Soane was at the beginning of a movement of historicism in architecture, where people could do Greek, Roman and Gothic styles, where the patron could choose what they wanted. He liked to combine styles, I think to express his own artistic flair. Soane’s approach to collecting is the same thing – it’s eclectic, there’s no logic to the order, he just saw a way to make a visual ensemble out of it.
Top: Soane’s collection of paintings includes works by J.M.W Turner, Joshua Reynolds and Canaletto. Bottom: Soane’s hand can be seen in every aspect of the museum.
Is it possible to understand Soane’s personality through his collection?
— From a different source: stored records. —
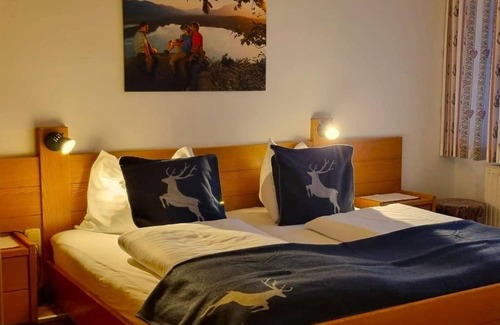 Finkenstein am Faaker See House | Doppelzimmer Standard - Baumgartnerhof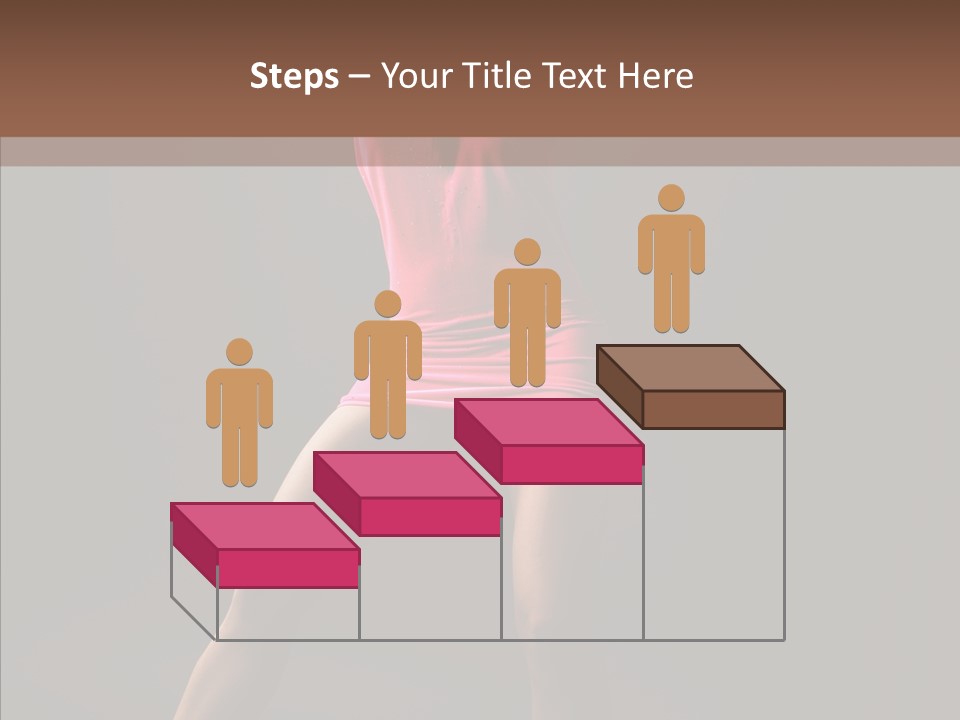 Performance Slim Stripper PowerPoint Template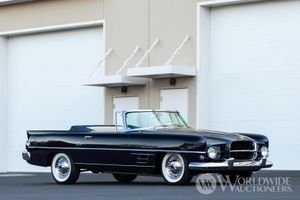 1957 Dual Ghia Convertible Has Hemi Power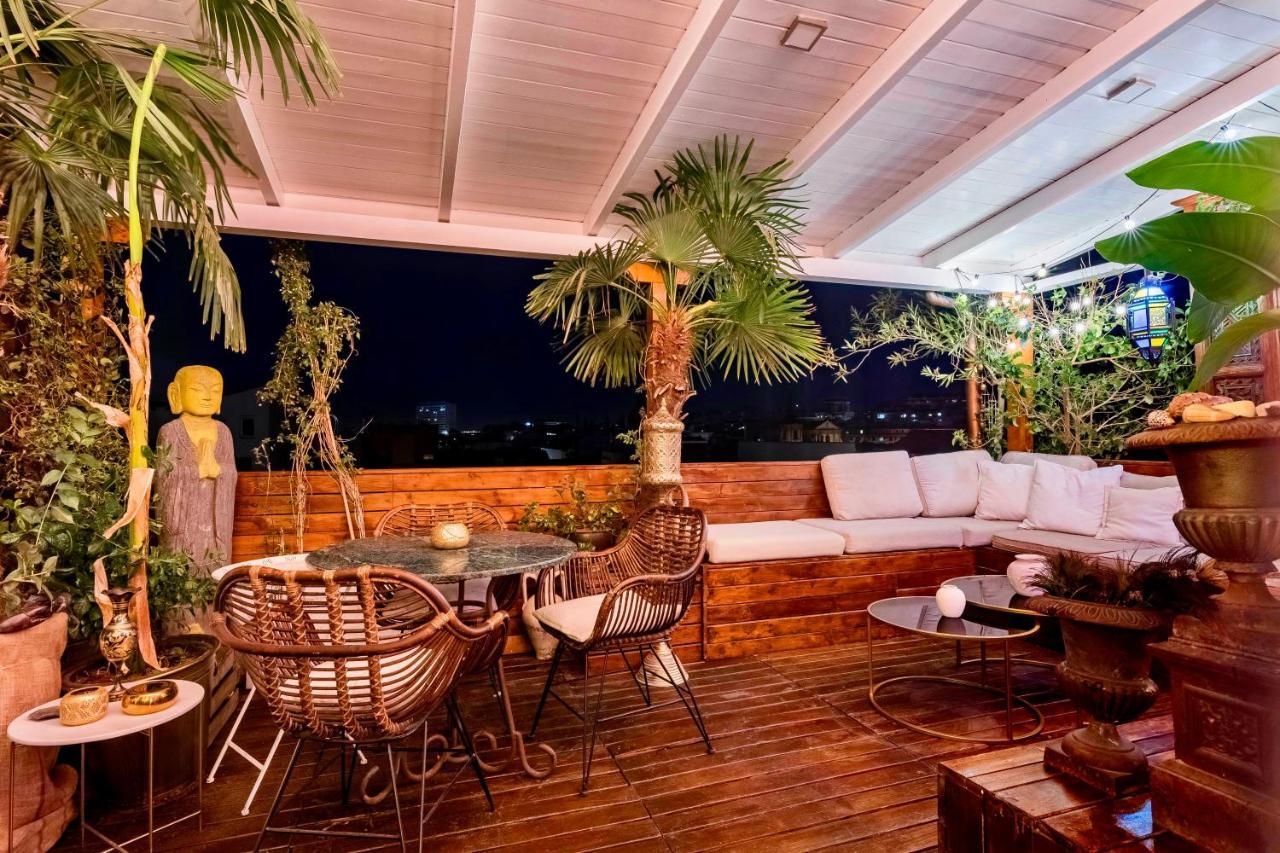 Excellent Penthouse In The Center Lejlighed *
Very much so. In a way, you notice the absence of his presence – you’re always thinking why he put an object in a particular place, why he decided to do this or that – and at the same time he is everywhere. You go into the dome, and there is his bust, you go into the model room, and there are classical temples and Pompeii, and beneath them models of Soane’s designs for the Bank of England. He is constantly inserting himself into your field of vision, and into discussion.
I think he must have been a difficult man to get on with – he argued with anyone and regularly fell out with people. He had a sense of grievance, in part because he was a self-made man, and was always trying to prove himself. He had friends but also a lot of enemies, and of course the sad thing was that he alienated both his sons and rarely saw his family after his wife died in 1815. It would take a psychoanalyst to work it out properly, but I think the impetus for collecting was for it to take the place of the children he lost. As for a lot of collectors, the collection became his children.
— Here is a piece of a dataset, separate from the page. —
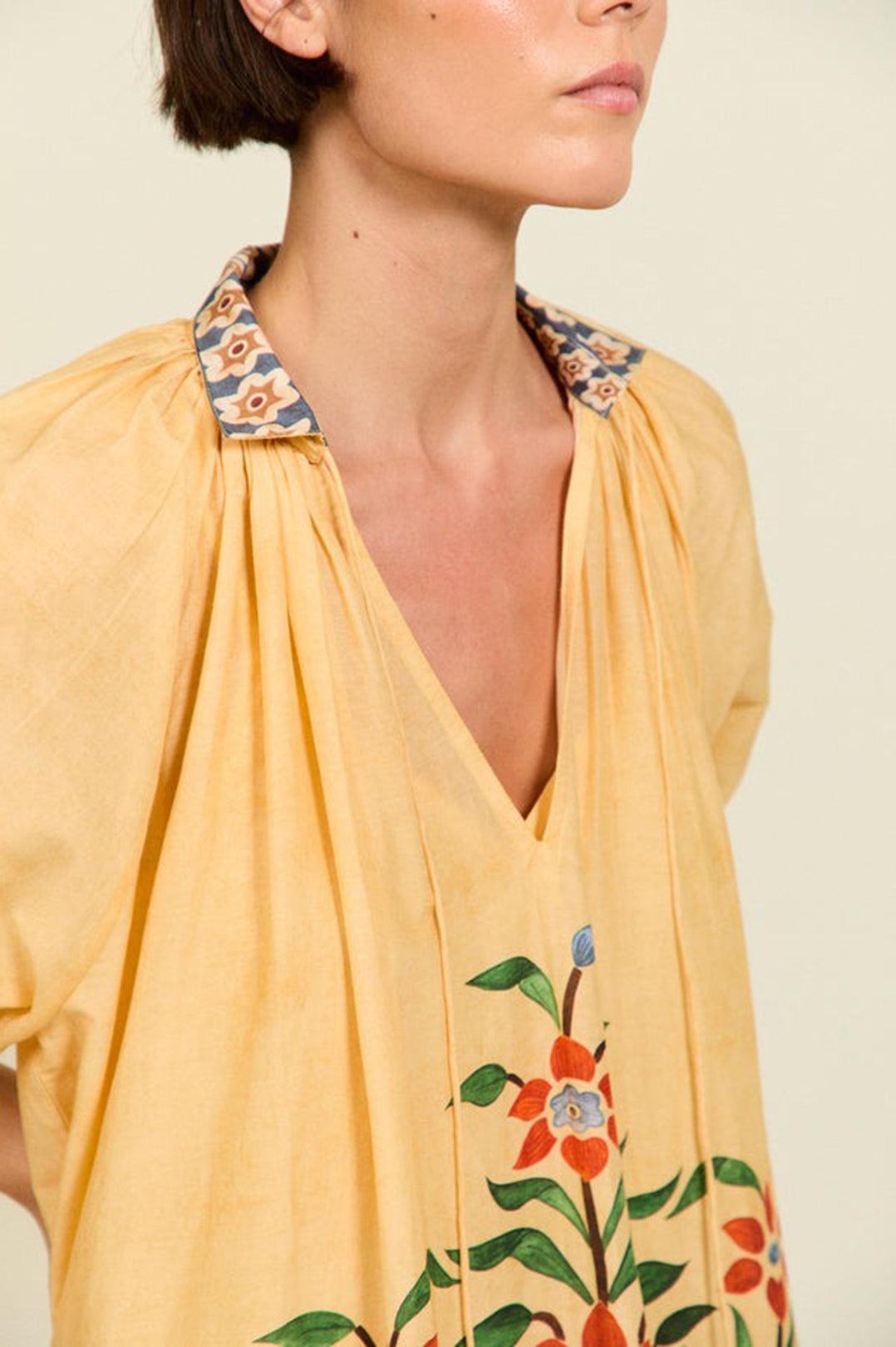 Philippa 1970-Palmira Dress-dgallerystore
Top: An alcove of the house that has been recently restored and opened to the public. Bottom: The large central dome that illuminates the main collection.
Why is it important to remember Soane today?
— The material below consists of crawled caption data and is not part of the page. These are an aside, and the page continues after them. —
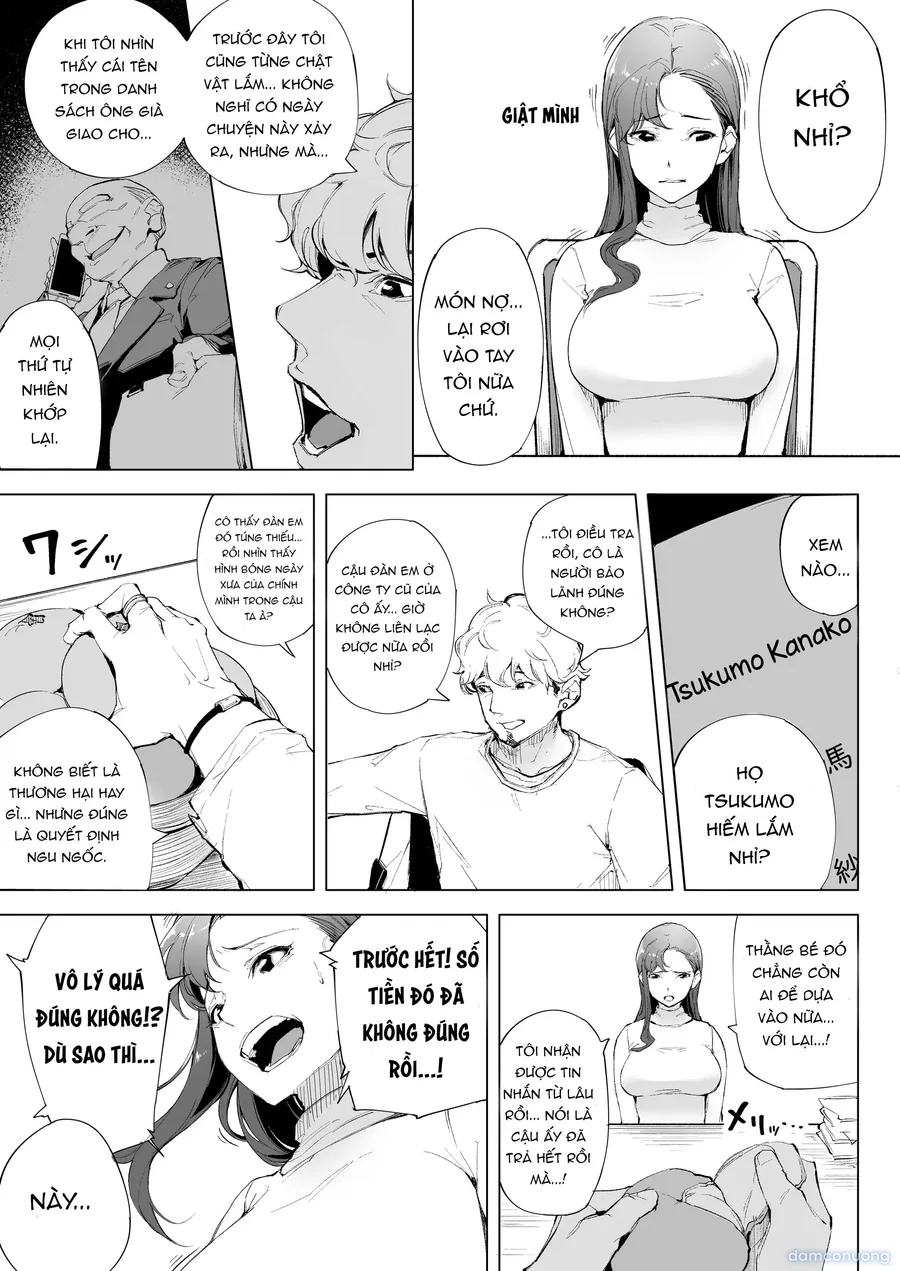 Watashi wa Tsuma de Haha de, Tada no Mesu 1 Oneshot English Online ... 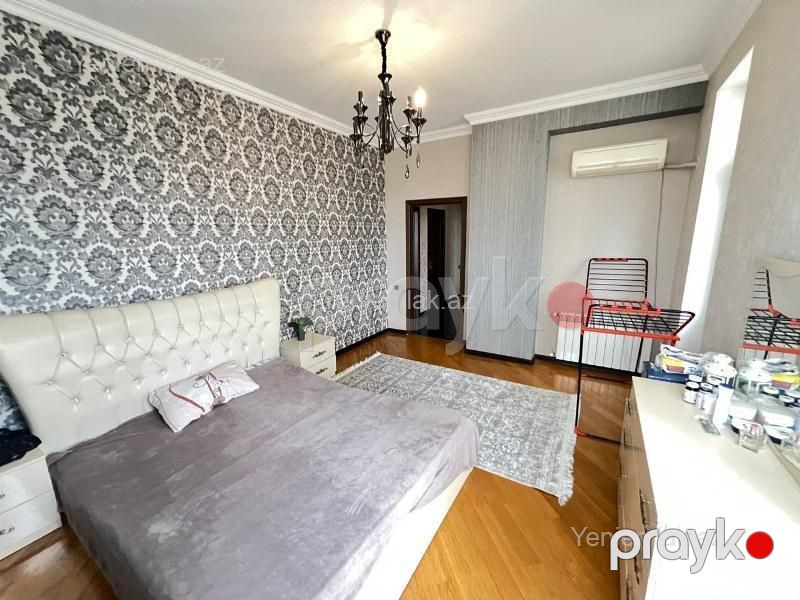 Satılır 3 otaqlı Bina evi menzil (Yeni tikili), 147 m², Yasamal rayonu — Mənzil, Bakı (4)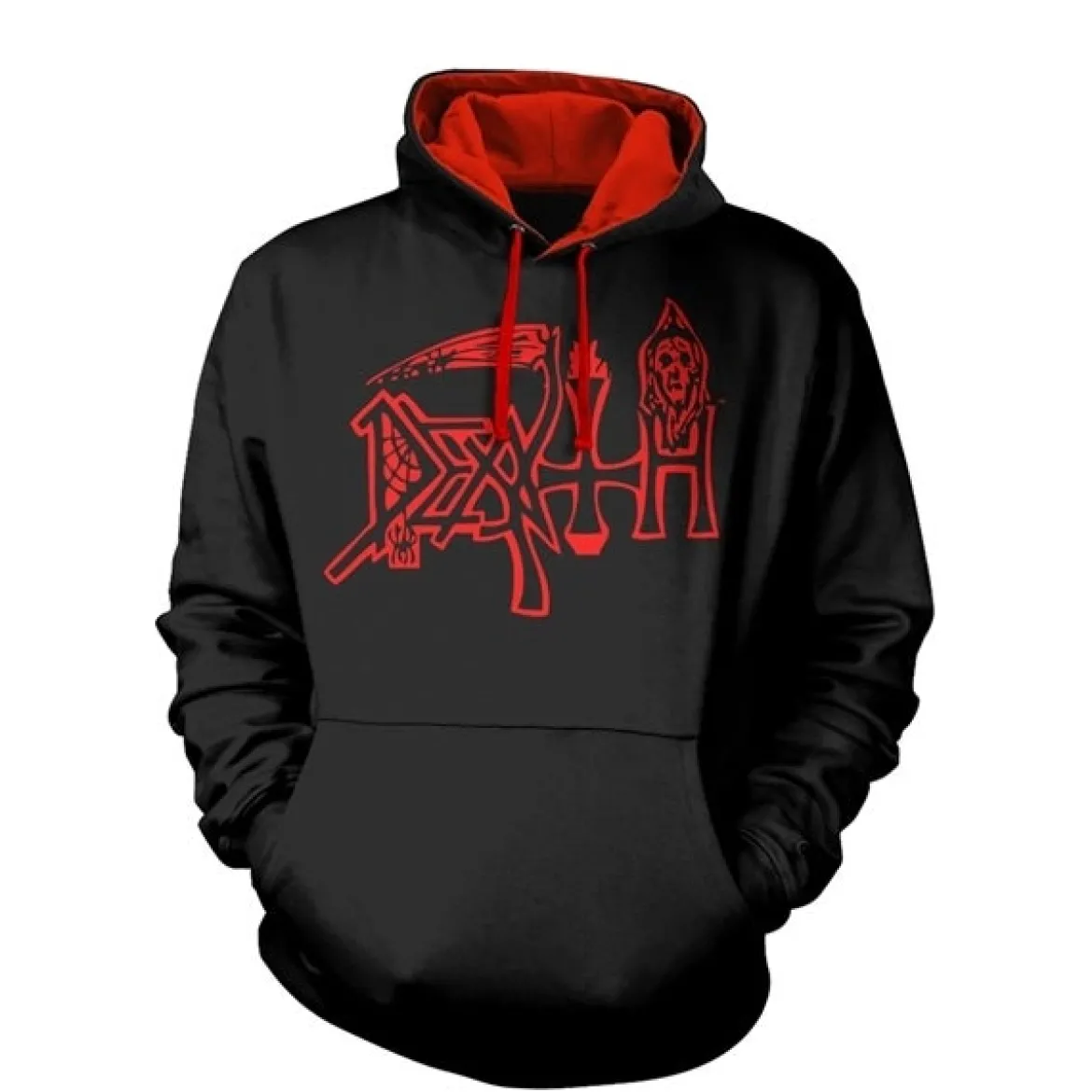 Death: Scream Bloody Gore - Varsity huppari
It’s always interesting to stand in someone else’s shoes and try to imagine the world from their viewpoint, and it’s a rather unusual and unorthodox voyage into antiquity, into the past, that you get with Soane. At the same time, he was very much interested in contemporary art, and hoped to instigate a new school of British art and architecture, while also collecting Peruvian pottery, Egyptian artefacts and Persian manuscripts – especially towards the end of his life he was trying to make his collection as catholic as possible. Soane’s collection is important as a snapshot of a transition period between the house museum and the nineteenth century Enlightenment museum. It’s a different way of looking at things than what we’re accustomed to.
Top: Soane’s curation is not chronological or by style, but rather an eclectic “visual opportunism”. Bottom: One of twelve sculptures by contemporary artist Marc Quinn currently exhibited in the museum.
Continued from above…
Soane also wanted the museum to be an academy for the arts, he wanted painters, sculptors, architects, musicians, anyone, to come here and be inspired by it. Only last year Sarah Lucas approached us to mount a version of the pavilion she presented at the Venice Biennale, because she was inspired by Soane, even painting the walls of the pavilion the same yellow as the drawing room of the museum.
I had seen the work in Venice and would never have thought that it had anything to do with Soane, but the fact she saw something that I didn’t was intriguing. We put on the exhibition and it brought in a completely different audience. With that and our current Marc Quinn exhibition, I feel that we are carrying on Soane’s mission today.